Yohan pun mengakui ada perbedaan antara dakwaan Jaksa, putusan Majelis Hakim Tipikor, Bandung serta putusan Pengadilan Tinggi Bandung. "Di dakwaan suap menyuap Bupati Bogor diputuskan (Tipikor Bandung) menyuap atas kemauan sendiri, sementara di tingkat banding bersama-sama (Cahyadi Kumala)," terang Yohan.

Bahkan Ketua Majelis Hakim Tipikor Bandung yang menyidangkan kasus ini, Nur Hakim, sempat dipanggil KPK untuk menjadi saksi kasus ini. Ketika itu, Nur Hakim beralasan, penghilangan nama Swie Teng dalam putusan Yohan, karena ia memang tidak mendapatkan keterangan dan bukti valid mengenai hal itu.

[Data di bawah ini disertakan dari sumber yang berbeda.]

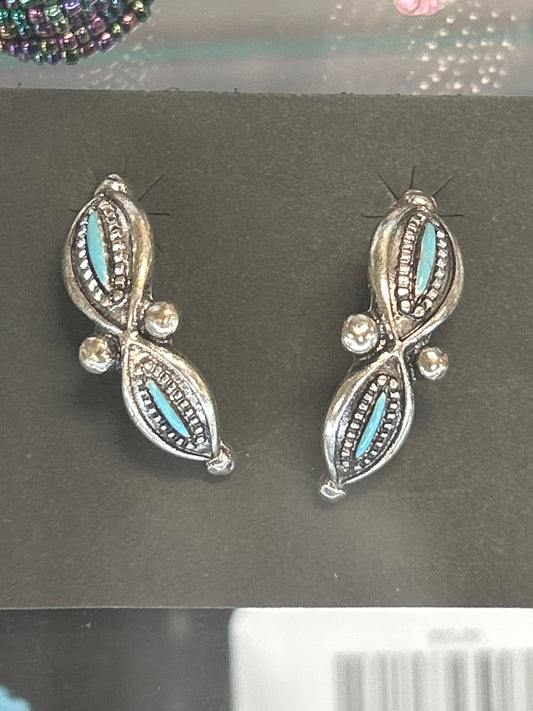 Sterling Silver Needle Point W Turquoise 1/2 Hoop Earrings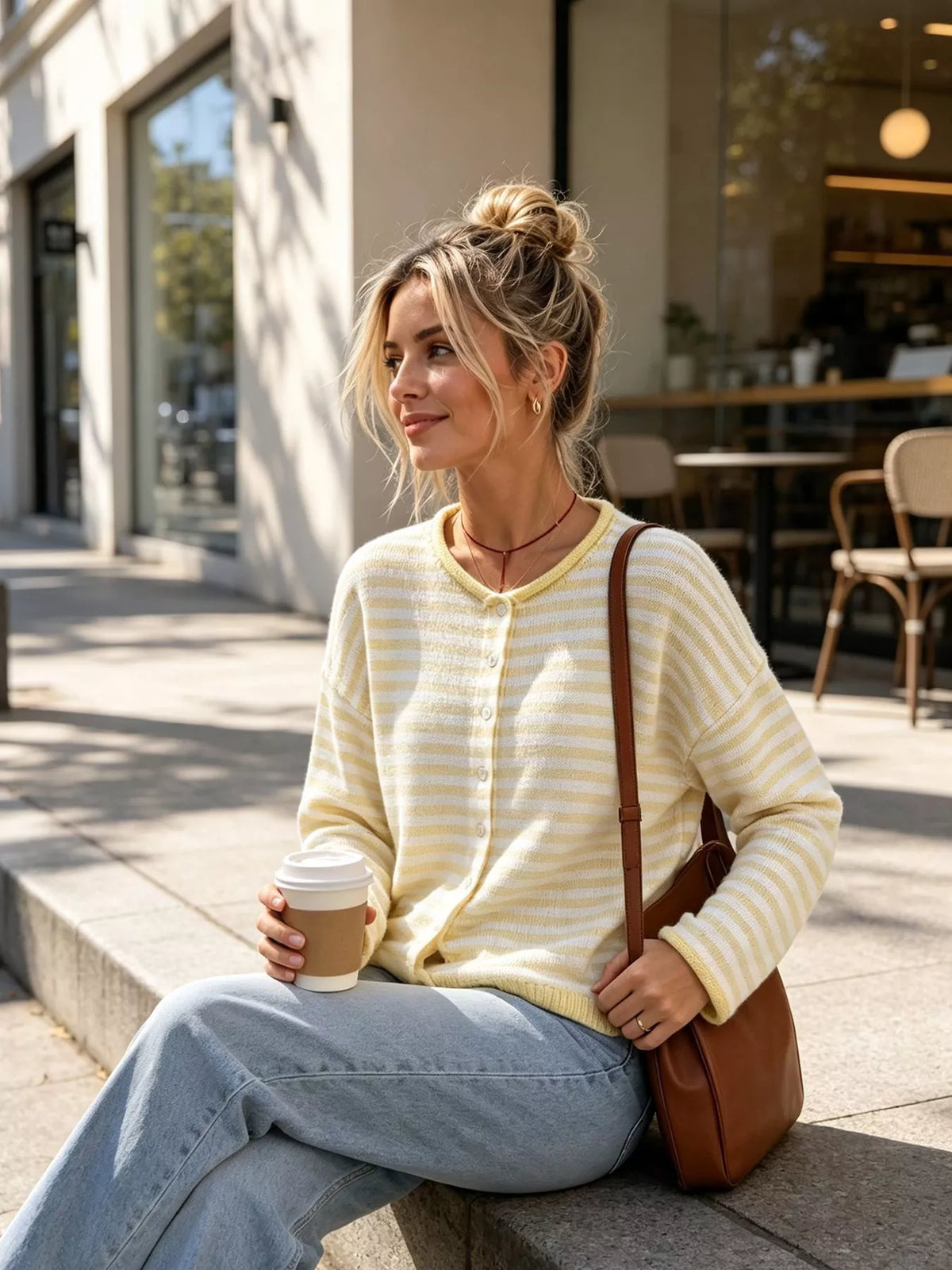 Women's Striped Button-Down Knit Cardigan – view 21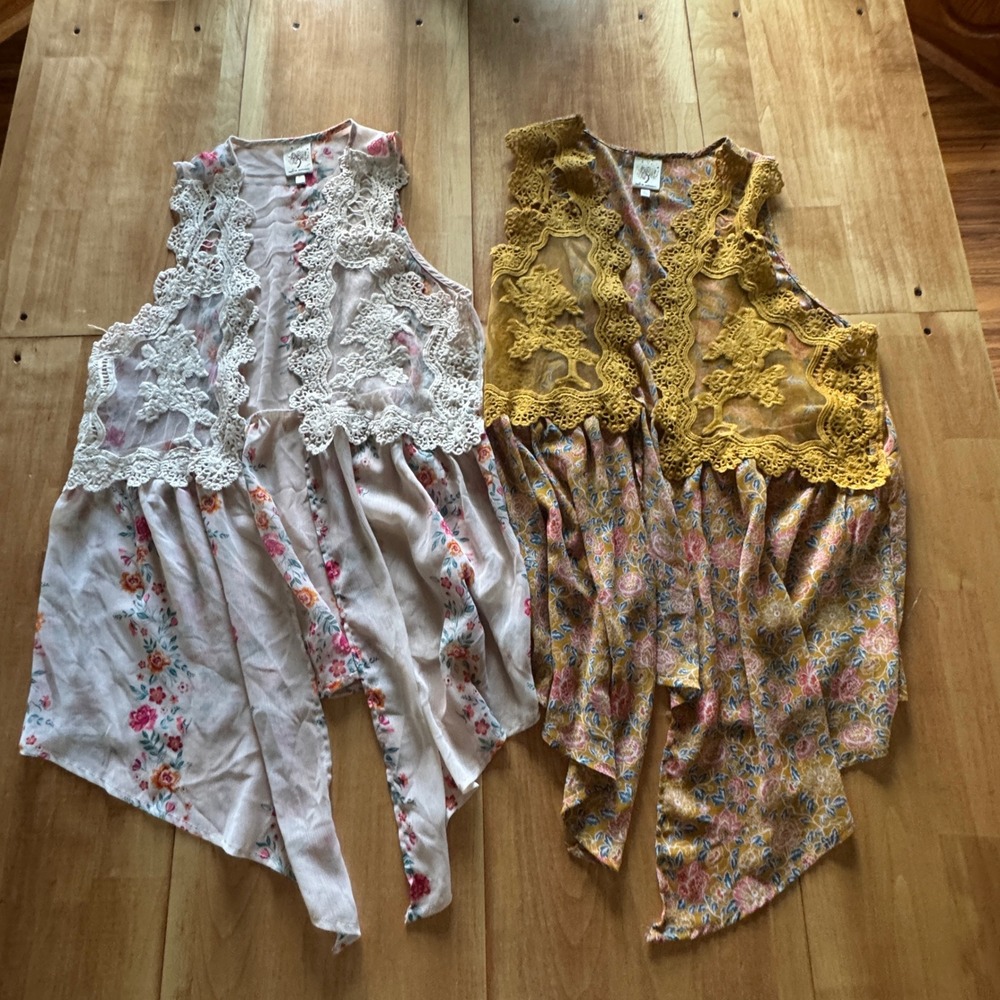 Self Esteem Womens Floral Lace Crochet Open Front Vest Top Lot of 2 XLARGE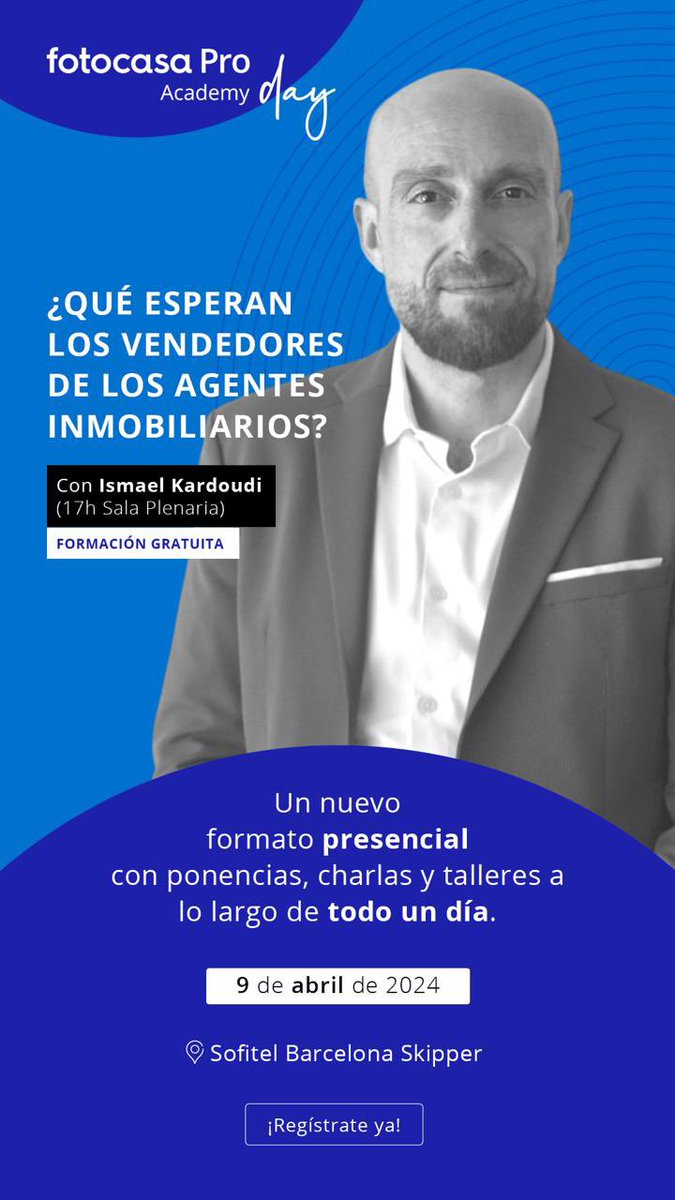 ¿Te vienes al Academy Day de Barcelona? Te esperamos el 9 de abril en el hotel Sofitel Barcelona Skipper. Reserva tu plaza a las distintas sesiones en pro.fotocasa.es/event/sessions…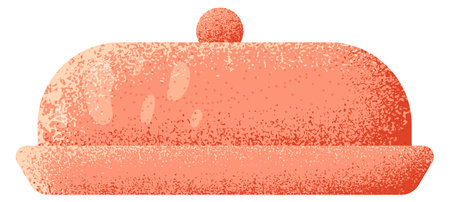 Retro ceramic dishware icon. Clay color plateのイラスト素材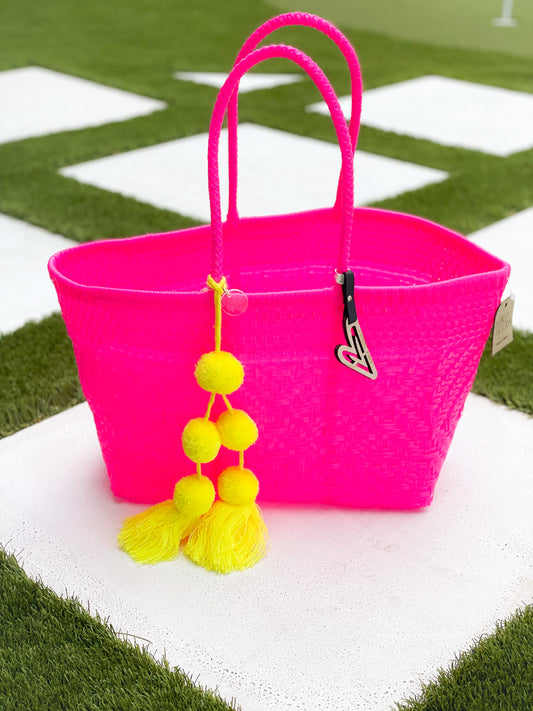 Hot Pink Maria Victoria Tote And Tassel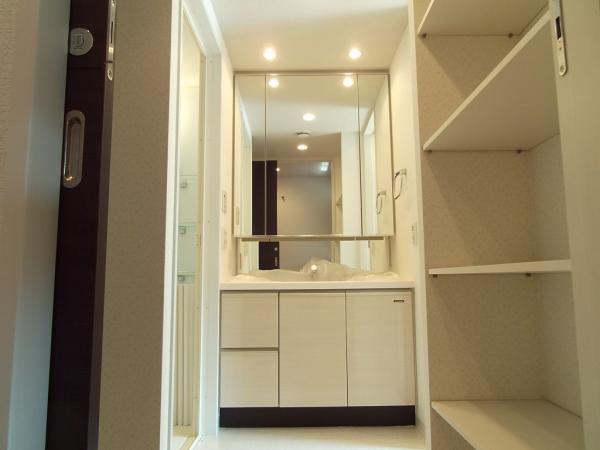 Wash basin, toilet. It is a vanity with a large three-sided mirror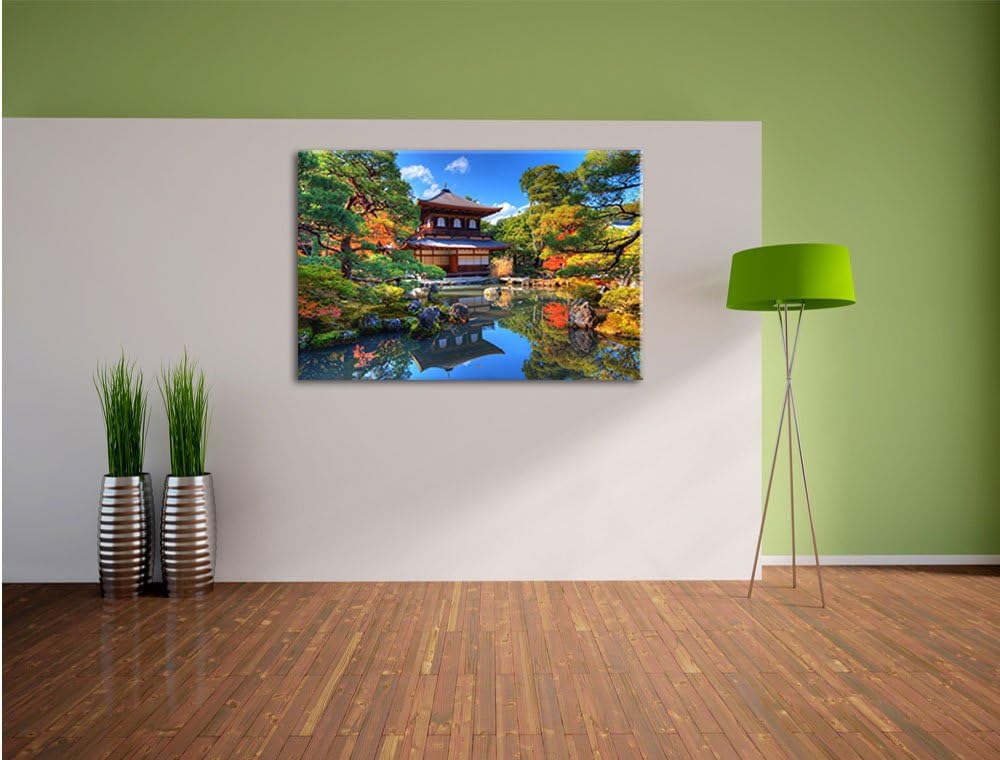 Pixxprint Ginkaku-ji-Tempel in Kyoto als Leinwandbild/Grösse: 100x70 cm/Wandbild/Kunstdruck/fertig b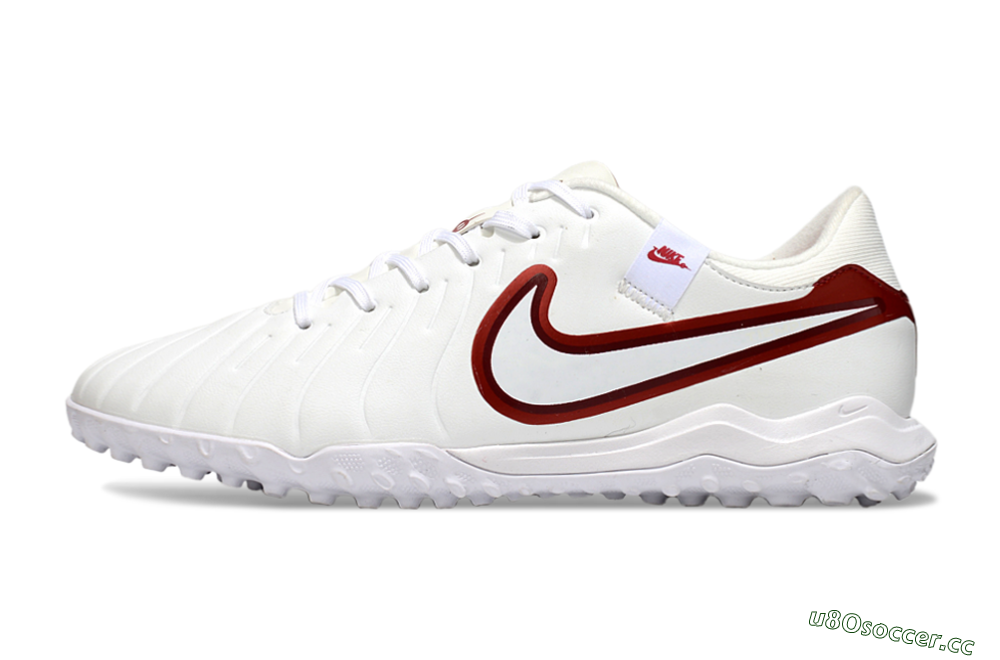 Men's Nike Tiempo Legend 10 Academy TF Artificial Turf Low-Tops Football Shoes - White/Red 0
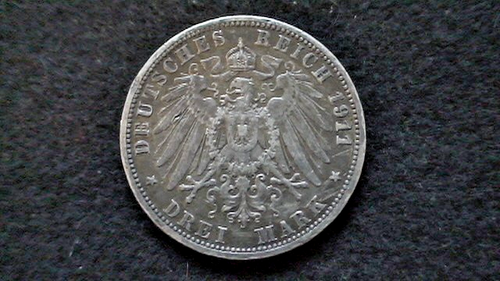 1911-A PRUSSIA - DREI 3 MARK - WILHELM II - .900 SILVER - 1/2 Oz - KM# 527 - Picture 2 of 4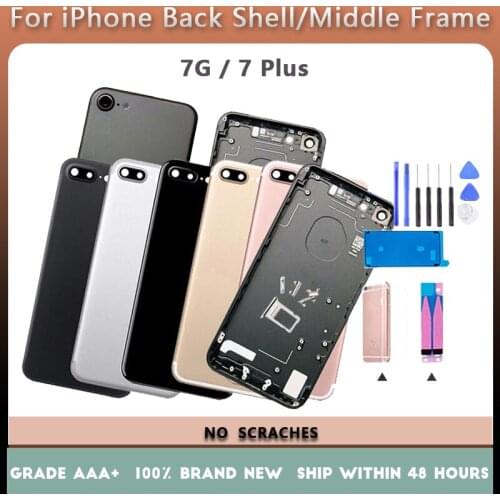 Back Cover For iphone 7G 7 Plus Back Housing Cover High Quality Rear Door Chassis Middle Frame Rear Housing SIM Tray +Side Key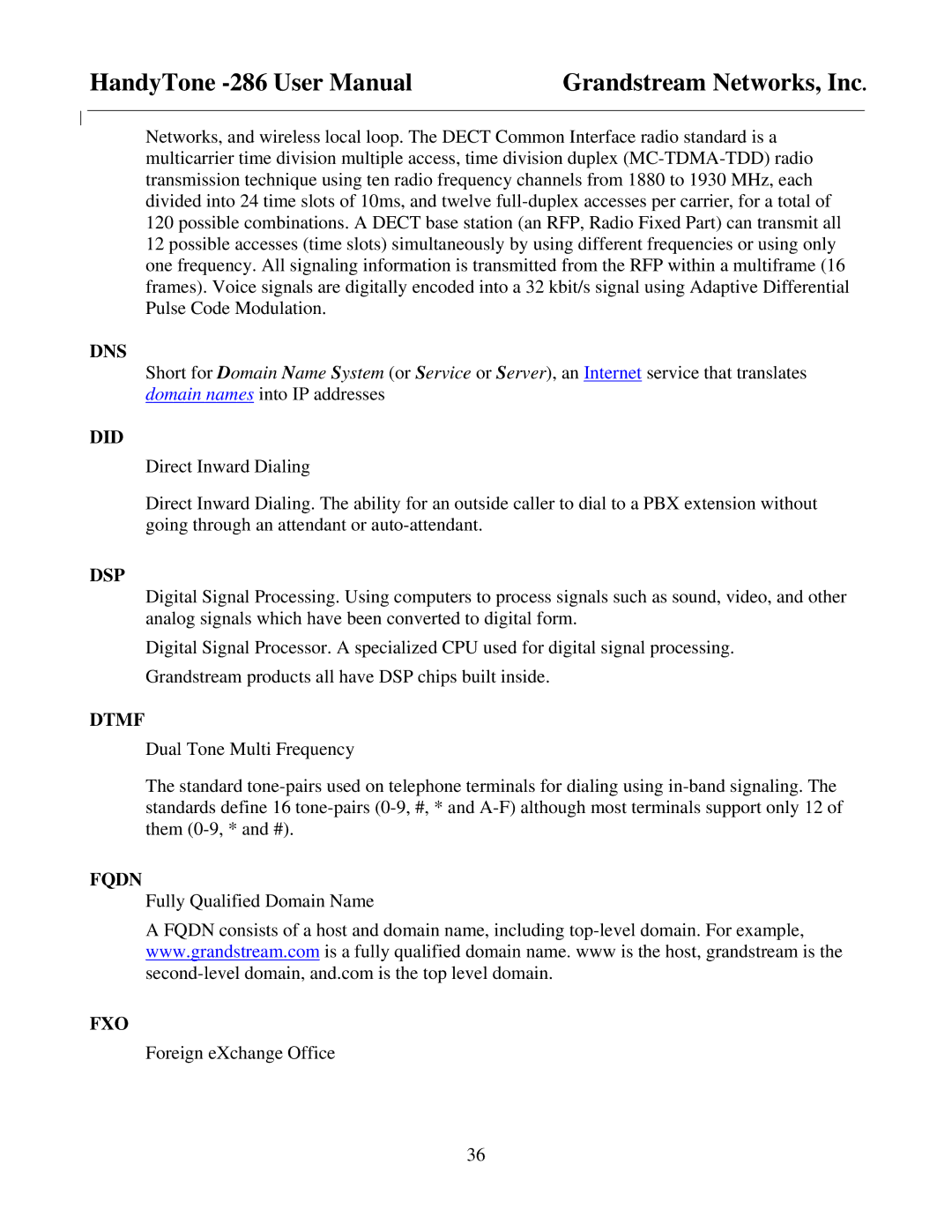 Grandstream Networks HandyTone-286 user manual Dns, Did, Dsp, Dtmf, Fqdn, Fxo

"Saya ceritakan apa adanya, bahwa dalam persidangan memang terdakwa FX Yohan YAP alias Yohan melakukan suap sendiri dan Bupati Bogor Rachmat Yasin juga bilang bahwa menerima uang dari terdakwa Yohan sendiri," ujar Nur Hakim.

Nur Hakim meyakini selama persidangan tidak ada fakta yang mengarah pada keterlibatan Cahyadi Kumala. "Bahkan saya sempat membentak terdakwa agar mengakui, tapi yang bersangkutan tetap menyatakan melakukannya sendiri," imbuhnya.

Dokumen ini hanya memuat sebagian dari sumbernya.